Dataset excerpts:

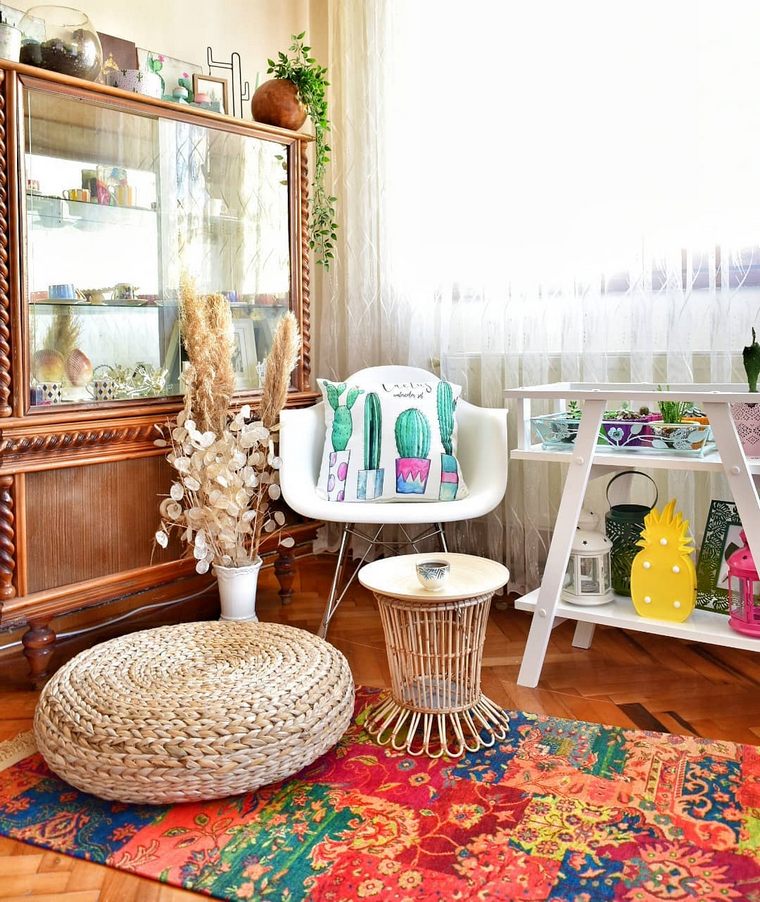 bohemian home decor (49)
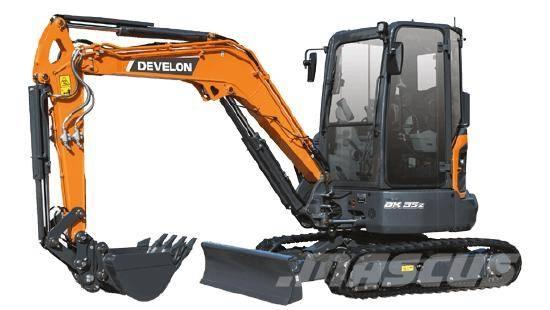Doosan DX35Z-7 Mini excavators < 7t (Mini diggers)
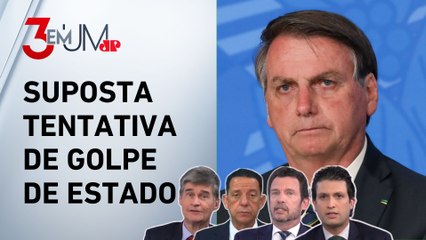 Ghani, Segré, Piperno e Trindade analisam denúncia da PGR contra Bolsonaro e outros 33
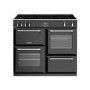 Refurbished Stoves Richmond S1000EI MK 100cm Electric Induction Range Cooker Black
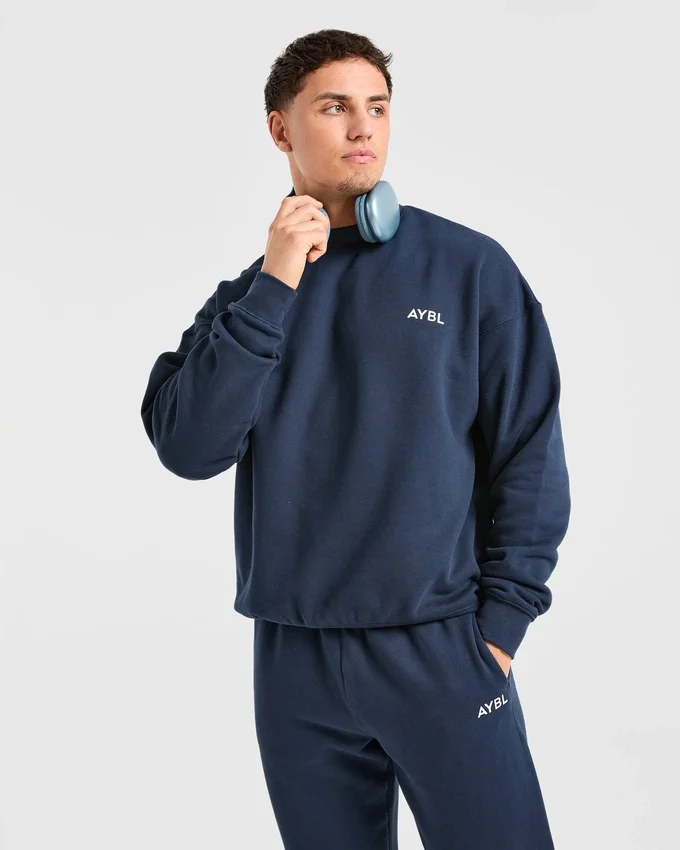 Essential Oversized-Pullover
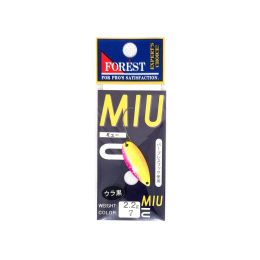 Колеблющиеся блесны Forest Miu Standart 2.2g
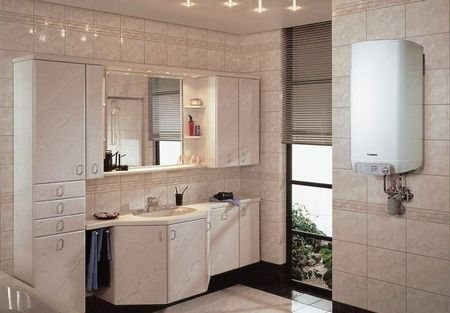 Salle de bain dans la maison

:: Problem to solve ::
The response is to contain exactly the lines from the beginning of the data through the line containing "Essential Oversized-Pullover", both ends included, and nothing else; omit the pictures.

:: Solution to the problem ::
 bohemian home decor (49)
Doosan DX35Z-7 Mini excavators < 7t (Mini diggers)
 Ghani, Segré, Piperno e Trindade analisam denúncia da PGR contra Bolsonaro e outros 33
 Refurbished Stoves Richmond S1000EI MK 100cm Electric Induction Range Cooker Black
 Essential Oversized-Pullover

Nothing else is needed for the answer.